Lakhdar Brahimi, à contre-courant du discours officiel

"La voix de Lakhdar Brahimi passe pour être celle de la raison et de la sagesse. Au cours d’une conférence-débat, le 10 décembre, à Alger, ce diplomate au long cours a plaidé pour une remise à plat des relations entre son pays et le Maroc, passant, selon lui, par la réouverture des frontières terrestres. Ce n’est pas la première fois que ce proche d’Abdelaziz Bouteflika -que le président ne rate pas une occasion de recevoir- se montre favorable à une détente", constate Farid Alilat.

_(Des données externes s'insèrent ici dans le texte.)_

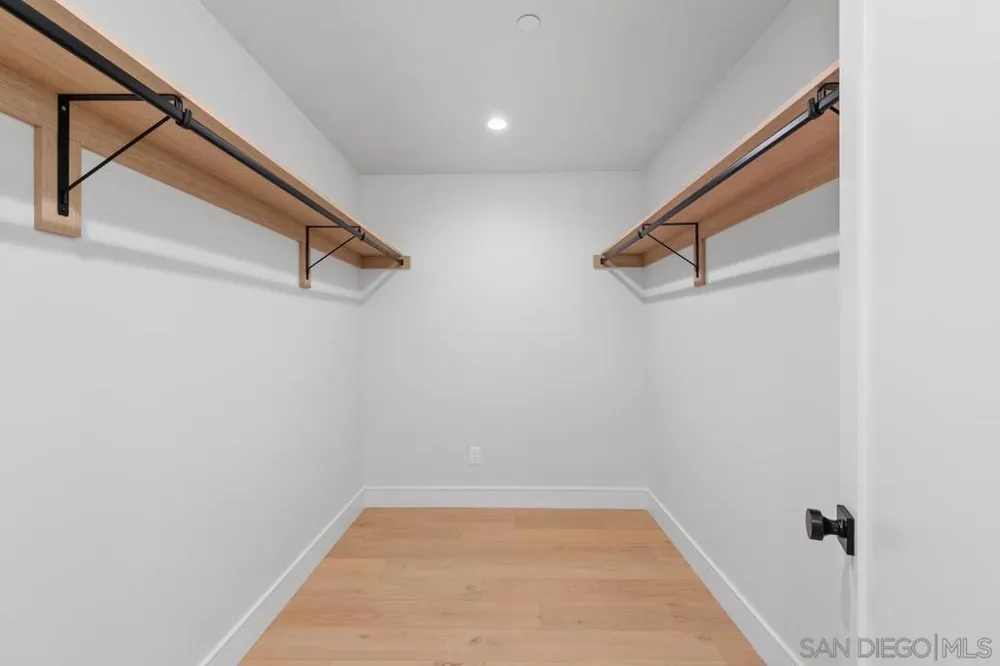 4202 Tonopah St San Diego, CA 92110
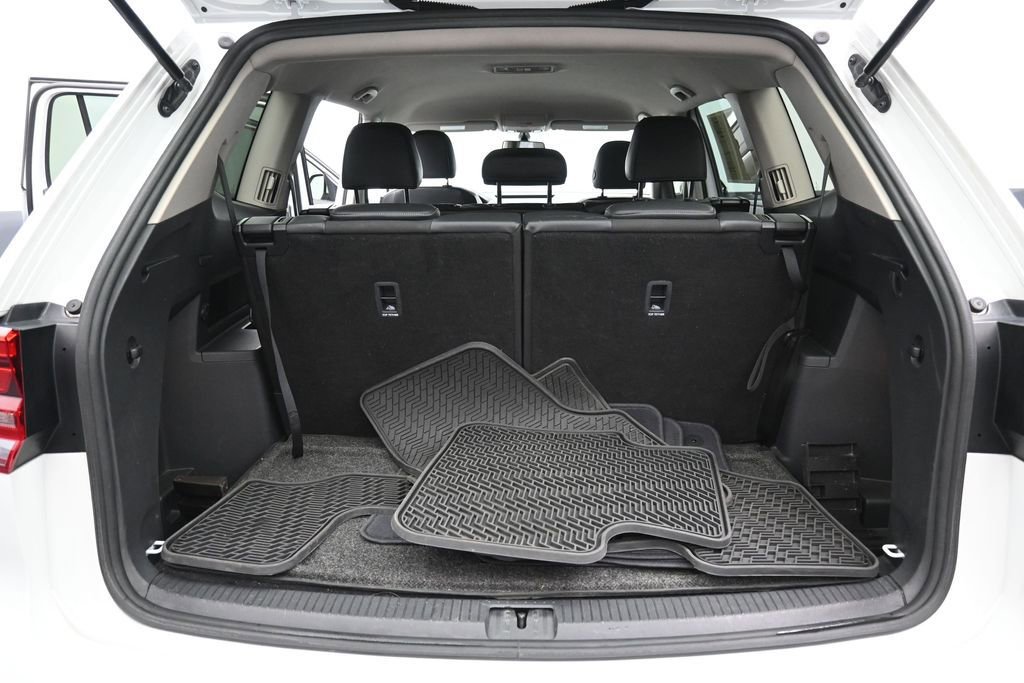 Used 2018 Volkswagen Atlas SE FWD image 28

"Fermées depuis août 1994, au lendemain de l’attentat terroriste qui a ciblé un hôtel de Marrakech, les frontières constituent plus que jamais un motif de crispation entre les deux voisins", note-t-il.

Seulement voilà, "cette barrière n’est bien sûr pas le seul contentieux qui empoisonne les relations algéro-marocaines, le Sahara occidental étant, et de loin, la grande pomme de discorde obérant toute normalisation entre les deux capitales. Du coup, Lakhdar Brahimi appelle Alger et Rabat à "laisser de côté le problème du Sahara occidental afin de construire une économie commune fondée sur les échanges".

Un souhait louable mais qui risque de rester un "voeu pieux" du côté d'Ager qui, hélas, poursuit sa politique hostile, au mépris des relations de bon voisinage et de la communauté d'histoire et d'avenir.